[EL] Can federal partisan gerrymandering claims still be brought in state court?
Nicholas Stephanopoulos
nicholas.stephanopoulos at gmail.com
Sun Jun 30 10:28:09 PDT 2019
Will Baude has an intriguing post
<https://reason.com/2019/06/28/can-federal-partisan-gerrymandering-claims-be-brought-in-state-court/>
suggesting
that, even after *Rucho*, federal partisan gerrymandering claims can still
be brought in state court. The rationale is that federal jurisdictional
doctrines like standing, mootness, and justiciability don't apply in state
court. So a state court could reason: (1) The Supreme Court unanimously
believes that extreme partisan gerrymandering is unconstitutional. (2) The
Supreme Court also believes that partisan gerrymandering claims are
nonjusticiable. (3) However, *we* believe that such claims *are* justiciable.

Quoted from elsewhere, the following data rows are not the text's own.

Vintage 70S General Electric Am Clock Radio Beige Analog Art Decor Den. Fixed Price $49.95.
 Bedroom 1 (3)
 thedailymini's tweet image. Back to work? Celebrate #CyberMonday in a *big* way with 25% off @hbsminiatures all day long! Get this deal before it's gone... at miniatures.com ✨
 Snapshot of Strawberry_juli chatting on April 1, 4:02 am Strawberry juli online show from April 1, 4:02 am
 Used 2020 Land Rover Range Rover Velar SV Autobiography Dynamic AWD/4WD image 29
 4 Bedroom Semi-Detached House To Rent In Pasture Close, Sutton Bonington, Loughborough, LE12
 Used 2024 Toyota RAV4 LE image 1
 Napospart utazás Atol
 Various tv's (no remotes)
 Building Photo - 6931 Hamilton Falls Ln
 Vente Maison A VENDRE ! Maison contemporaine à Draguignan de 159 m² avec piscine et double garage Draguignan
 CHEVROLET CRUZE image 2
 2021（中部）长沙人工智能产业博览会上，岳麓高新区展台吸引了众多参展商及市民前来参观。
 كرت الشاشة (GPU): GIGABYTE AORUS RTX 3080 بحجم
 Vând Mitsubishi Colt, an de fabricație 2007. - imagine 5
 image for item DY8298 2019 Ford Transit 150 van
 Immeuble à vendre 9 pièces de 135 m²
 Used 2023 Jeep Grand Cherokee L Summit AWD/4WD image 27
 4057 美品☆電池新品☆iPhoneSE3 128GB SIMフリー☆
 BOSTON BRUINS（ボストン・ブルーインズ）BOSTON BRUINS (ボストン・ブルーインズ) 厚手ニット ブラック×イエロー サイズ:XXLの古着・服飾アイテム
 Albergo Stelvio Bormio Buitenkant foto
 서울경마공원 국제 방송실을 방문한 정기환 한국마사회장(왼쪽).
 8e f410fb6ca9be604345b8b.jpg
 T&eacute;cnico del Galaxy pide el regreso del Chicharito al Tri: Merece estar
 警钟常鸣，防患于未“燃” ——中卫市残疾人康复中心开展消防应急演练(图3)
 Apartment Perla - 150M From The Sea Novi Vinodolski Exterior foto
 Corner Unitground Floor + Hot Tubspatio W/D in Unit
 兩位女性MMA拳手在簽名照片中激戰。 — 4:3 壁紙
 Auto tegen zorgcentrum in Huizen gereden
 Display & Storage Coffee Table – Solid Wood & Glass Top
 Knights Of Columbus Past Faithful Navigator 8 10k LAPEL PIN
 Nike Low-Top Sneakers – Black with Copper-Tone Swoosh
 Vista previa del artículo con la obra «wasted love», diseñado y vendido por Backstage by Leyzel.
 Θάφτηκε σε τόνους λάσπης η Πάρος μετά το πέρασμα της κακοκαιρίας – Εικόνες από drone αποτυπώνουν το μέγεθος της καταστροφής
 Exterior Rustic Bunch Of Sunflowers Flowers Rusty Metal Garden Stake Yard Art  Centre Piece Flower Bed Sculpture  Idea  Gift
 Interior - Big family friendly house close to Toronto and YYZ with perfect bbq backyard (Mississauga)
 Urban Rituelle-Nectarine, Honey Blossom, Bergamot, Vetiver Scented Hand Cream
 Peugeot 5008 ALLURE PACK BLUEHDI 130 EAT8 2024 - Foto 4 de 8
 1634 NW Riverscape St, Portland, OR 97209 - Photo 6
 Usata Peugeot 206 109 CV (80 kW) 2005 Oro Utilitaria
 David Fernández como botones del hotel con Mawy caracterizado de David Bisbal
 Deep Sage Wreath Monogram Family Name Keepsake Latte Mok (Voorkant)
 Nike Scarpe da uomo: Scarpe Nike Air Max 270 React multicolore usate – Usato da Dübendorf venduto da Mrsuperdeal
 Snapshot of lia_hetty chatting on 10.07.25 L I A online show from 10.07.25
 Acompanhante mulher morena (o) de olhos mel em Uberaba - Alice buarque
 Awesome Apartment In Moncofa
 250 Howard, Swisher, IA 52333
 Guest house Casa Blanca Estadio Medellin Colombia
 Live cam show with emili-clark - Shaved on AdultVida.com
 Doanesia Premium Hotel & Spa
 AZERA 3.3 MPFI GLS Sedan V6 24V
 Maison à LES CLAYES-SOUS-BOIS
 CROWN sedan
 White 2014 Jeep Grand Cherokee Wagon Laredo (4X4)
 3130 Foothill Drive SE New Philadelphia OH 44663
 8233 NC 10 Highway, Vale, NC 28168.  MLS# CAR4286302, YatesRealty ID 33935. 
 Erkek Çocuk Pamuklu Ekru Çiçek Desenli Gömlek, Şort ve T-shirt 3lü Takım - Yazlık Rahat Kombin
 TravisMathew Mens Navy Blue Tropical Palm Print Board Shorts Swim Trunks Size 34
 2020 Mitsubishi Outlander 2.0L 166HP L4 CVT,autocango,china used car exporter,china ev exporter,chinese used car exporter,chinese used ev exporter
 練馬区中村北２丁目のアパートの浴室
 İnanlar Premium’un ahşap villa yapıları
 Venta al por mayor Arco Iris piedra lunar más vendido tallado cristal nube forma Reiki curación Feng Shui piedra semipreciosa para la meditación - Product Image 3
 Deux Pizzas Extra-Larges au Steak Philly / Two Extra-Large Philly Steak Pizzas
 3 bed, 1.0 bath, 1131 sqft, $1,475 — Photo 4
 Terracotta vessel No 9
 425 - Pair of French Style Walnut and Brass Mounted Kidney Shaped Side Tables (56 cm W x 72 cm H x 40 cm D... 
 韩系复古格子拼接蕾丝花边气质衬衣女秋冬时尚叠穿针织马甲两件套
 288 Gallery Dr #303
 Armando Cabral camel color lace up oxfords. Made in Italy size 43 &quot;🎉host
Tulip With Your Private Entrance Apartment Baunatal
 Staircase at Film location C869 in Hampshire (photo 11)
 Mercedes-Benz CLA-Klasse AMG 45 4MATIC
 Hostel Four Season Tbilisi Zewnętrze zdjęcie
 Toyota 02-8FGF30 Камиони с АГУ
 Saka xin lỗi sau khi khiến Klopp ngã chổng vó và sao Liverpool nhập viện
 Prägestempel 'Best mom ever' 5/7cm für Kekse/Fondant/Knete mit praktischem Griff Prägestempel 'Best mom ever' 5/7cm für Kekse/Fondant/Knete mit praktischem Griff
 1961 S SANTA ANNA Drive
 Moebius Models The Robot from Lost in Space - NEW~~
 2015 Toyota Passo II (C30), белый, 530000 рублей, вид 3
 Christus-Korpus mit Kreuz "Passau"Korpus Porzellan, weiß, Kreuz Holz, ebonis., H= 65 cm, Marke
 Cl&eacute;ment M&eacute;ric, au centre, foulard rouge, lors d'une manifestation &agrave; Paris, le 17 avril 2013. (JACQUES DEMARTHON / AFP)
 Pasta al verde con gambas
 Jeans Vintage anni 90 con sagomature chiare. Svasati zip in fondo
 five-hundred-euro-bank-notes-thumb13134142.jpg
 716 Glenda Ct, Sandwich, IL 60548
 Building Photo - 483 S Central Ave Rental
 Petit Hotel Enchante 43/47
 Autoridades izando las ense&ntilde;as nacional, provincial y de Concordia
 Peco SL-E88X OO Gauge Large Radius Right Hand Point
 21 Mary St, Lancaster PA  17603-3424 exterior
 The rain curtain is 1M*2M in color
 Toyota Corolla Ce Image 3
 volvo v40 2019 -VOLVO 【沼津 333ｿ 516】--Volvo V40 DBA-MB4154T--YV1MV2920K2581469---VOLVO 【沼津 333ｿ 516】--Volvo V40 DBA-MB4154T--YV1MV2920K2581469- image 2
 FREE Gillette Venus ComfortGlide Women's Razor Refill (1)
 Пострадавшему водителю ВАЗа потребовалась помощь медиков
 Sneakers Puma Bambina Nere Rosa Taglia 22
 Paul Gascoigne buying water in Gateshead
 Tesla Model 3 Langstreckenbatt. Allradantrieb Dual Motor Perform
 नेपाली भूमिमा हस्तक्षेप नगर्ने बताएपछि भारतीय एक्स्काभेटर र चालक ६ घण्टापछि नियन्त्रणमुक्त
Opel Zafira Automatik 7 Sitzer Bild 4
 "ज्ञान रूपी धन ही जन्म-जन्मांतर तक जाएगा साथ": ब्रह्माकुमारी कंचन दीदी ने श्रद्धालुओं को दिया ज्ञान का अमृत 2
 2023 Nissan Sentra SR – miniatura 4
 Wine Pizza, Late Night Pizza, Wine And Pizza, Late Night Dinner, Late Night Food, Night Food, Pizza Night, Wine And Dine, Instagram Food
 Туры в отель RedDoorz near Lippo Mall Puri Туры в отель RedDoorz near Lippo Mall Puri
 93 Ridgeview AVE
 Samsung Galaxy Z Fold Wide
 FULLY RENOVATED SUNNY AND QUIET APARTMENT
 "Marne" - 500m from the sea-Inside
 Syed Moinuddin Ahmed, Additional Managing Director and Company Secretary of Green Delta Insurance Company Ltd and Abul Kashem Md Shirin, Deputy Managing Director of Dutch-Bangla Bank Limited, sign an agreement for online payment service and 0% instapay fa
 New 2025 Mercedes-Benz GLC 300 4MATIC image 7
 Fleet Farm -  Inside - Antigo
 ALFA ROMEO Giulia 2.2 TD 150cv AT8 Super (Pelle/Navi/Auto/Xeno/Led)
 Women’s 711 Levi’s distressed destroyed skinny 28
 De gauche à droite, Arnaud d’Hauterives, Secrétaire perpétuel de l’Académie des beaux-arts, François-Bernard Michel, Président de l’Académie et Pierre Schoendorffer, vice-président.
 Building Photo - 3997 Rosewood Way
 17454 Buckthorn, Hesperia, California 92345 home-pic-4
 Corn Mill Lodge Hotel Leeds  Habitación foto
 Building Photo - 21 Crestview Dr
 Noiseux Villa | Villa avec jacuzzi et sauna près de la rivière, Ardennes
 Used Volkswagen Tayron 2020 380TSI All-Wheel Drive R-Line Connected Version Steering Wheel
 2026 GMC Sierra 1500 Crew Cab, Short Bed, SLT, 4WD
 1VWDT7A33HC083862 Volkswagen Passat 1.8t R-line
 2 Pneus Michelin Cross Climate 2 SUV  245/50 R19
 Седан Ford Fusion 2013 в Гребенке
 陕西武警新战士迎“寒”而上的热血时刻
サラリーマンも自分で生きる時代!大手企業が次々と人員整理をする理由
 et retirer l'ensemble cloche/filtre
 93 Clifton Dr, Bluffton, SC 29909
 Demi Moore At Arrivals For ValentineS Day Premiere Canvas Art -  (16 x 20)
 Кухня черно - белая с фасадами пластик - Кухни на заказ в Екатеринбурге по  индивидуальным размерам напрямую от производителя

(4) So we're going to adjudicate them.
I'm curious whether this move would be attractive to the litigants
currently pursuing (or considering pursuing) state constitutional partisan
gerrymandering claims. On the one hand, these claims are only being brought
in forums thought to be receptive. If state courts are already expected to
be sympathetic to state claims, it might be pointless to add a federal
claim to the mix.
On the other hand, after *Rucho*, any judgment a state court reaches on a
federal partisan gerrymandering claim would seem to be nonreviewable by the
Supreme Court. The Court couldn't tell the state court to apply a federal
jurisdictional doctrine that the state court rejects. And the Court
couldn't reach the merits of a federal partisan gerrymandering claim. As
long as *Rucho* remains good law, then, it appears possible for state
courts to generate a body of shadow precedent about partisan gerrymandering
under the federal Constitution. These rulings could never be recognized by
federal courts. But they would nevertheless have legal force. And they
would serve as powerful evidence that *Rucho* is wrong: that courts are
indeed capable of deciding federal partisan gerrymandering claims
consistently and non-arbitrarily.
Two final points: First, a defendant against whom a federal partisan
gerrymandering claim was brought couldn't remove the case to federal court.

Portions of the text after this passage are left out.